Does inference on subgraph approximate full-graph inference?

JinwooMcLee · October 26, 2021, 3:21am

Hi! currently I’m working on deploying node classification model with GAT to our service.

Our GAT model are made of 4 layers of message passing like below (3 for hidden layers, 1 for output projection). I trained the model with full-graph.

As we cannot fit our huge graph into memory at our inference server, I’m wondering whether following solution would be valid.

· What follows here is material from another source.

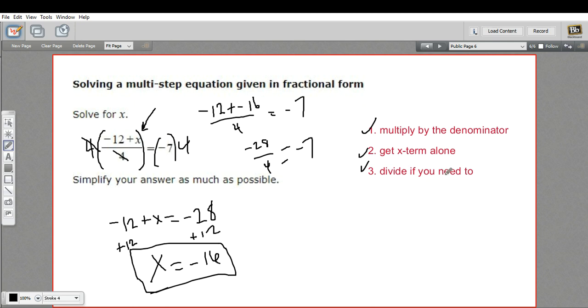In this case, we didn't have to divide by x because nothing was multiplied by x. But sometimes you will. So that's how to solve a multi-step equation when you've got a fraction.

Get 4-hop neighbors subgraph from GraphDB for a target node
Inference with this subgraph

Is this approach only approximate the inference result of full-graph, as it cannot get message beyond 4-hop neighbors?

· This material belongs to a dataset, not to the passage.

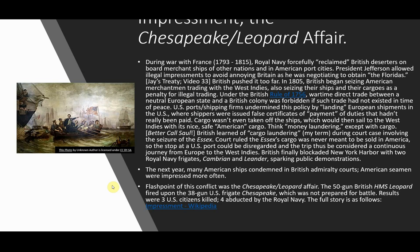During the war with France, 1793 to 1815, the British Royal Navy forcefully reclaimed British deserters on board merchant ships of other nations and in American port cities. President Jefferson allowed illegal impressments to avoid annoying Britain, as he was trying to negotiate a treaty to obtain the Floridas. So as Jefferson was trying to get the Floridas handed over to the United States, he would allow the British Navy to seize sailors and have them serve in the British Navy.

Or should I train the model with 4-hop neighbors subgraph instead of full-graph, then inference?

Any suggestions would be really helpful.

Sincerely
Jinwoo

class GAT(nn.Module):
    # Reference : https://github.com/dmlc/dgl/blob/master/examples/pytorch/gat/train.py
    def __init__(self,
                 num_layers=3,
                 in_dim=48,
                 num_hidden=16,
                 num_classes=2,
                 num_heads=3,
                 num_out_heads=1,
                 activation=F.relu,
                 feat_drop=0,
                 attn_drop=0,
                 negative_slope=0.2,
                 residual=False):
        super(GAT, self).__init__()
        self.heads = ([num_heads] * num_layers) + [num_out_heads]

        self.num_layers = num_layers
        self.gat_layers = nn.ModuleList()
        self.activation = activation
        # input projection (no residual)
        self.gat_layers.append(GATConv(
            in_dim, num_hidden, self.heads[0],
            feat_drop, attn_drop, negative_slope, False, self.activation))
        # hidden layers
        for layer in range(1, num_layers):
            # due to multi-head, the in_dim = num_hidden * num_heads
            self.gat_layers.append(GATConv(
                num_hidden * self.heads[layer - 1], num_hidden, self.heads[layer],
                feat_drop, attn_drop, negative_slope, residual, self.activation))
        # output projection
        self.gat_layers.append(GATConv(
            num_hidden * self.heads[-2], num_classes, self.heads[-1],
            feat_drop, attn_drop, negative_slope, residual, None))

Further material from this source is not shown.